YOUR TASK
Print the line that contains "Actor Tom Sizemore" and every line that follows it in the data below, ending with the final line; include nothing else.

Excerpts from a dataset
* * *

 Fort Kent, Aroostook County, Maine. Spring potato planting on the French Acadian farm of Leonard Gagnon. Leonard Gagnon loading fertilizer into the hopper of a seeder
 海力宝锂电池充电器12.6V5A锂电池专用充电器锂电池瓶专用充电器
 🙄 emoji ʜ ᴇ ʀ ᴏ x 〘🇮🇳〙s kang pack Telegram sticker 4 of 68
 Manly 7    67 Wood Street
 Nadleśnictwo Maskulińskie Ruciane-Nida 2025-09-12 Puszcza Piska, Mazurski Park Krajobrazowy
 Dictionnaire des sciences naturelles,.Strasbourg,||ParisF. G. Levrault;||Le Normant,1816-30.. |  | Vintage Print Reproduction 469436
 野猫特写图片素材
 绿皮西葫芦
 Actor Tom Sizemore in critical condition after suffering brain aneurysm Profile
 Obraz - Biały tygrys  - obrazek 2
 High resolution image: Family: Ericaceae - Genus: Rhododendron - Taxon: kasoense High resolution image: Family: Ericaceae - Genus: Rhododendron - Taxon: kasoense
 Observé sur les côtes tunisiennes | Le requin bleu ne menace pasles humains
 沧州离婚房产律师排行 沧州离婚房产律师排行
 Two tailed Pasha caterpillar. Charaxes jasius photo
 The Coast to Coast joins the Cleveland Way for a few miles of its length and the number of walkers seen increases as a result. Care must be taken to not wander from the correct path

* * *

ANSWER TO THIS EXERCISE
 Actor Tom Sizemore in critical condition after suffering brain aneurysm Profile
 Obraz - Biały tygrys  - obrazek 2
 High resolution image: Family: Ericaceae - Genus: Rhododendron - Taxon: kasoense High resolution image: Family: Ericaceae - Genus: Rhododendron - Taxon: kasoense
 Observé sur les côtes tunisiennes | Le requin bleu ne menace pasles humains
 沧州离婚房产律师排行 沧州离婚房产律师排行
 Two tailed Pasha caterpillar. Charaxes jasius photo
 The Coast to Coast joins the Cleveland Way for a few miles of its length and the number of walkers seen increases as a result. Care must be taken to not wander from the correct path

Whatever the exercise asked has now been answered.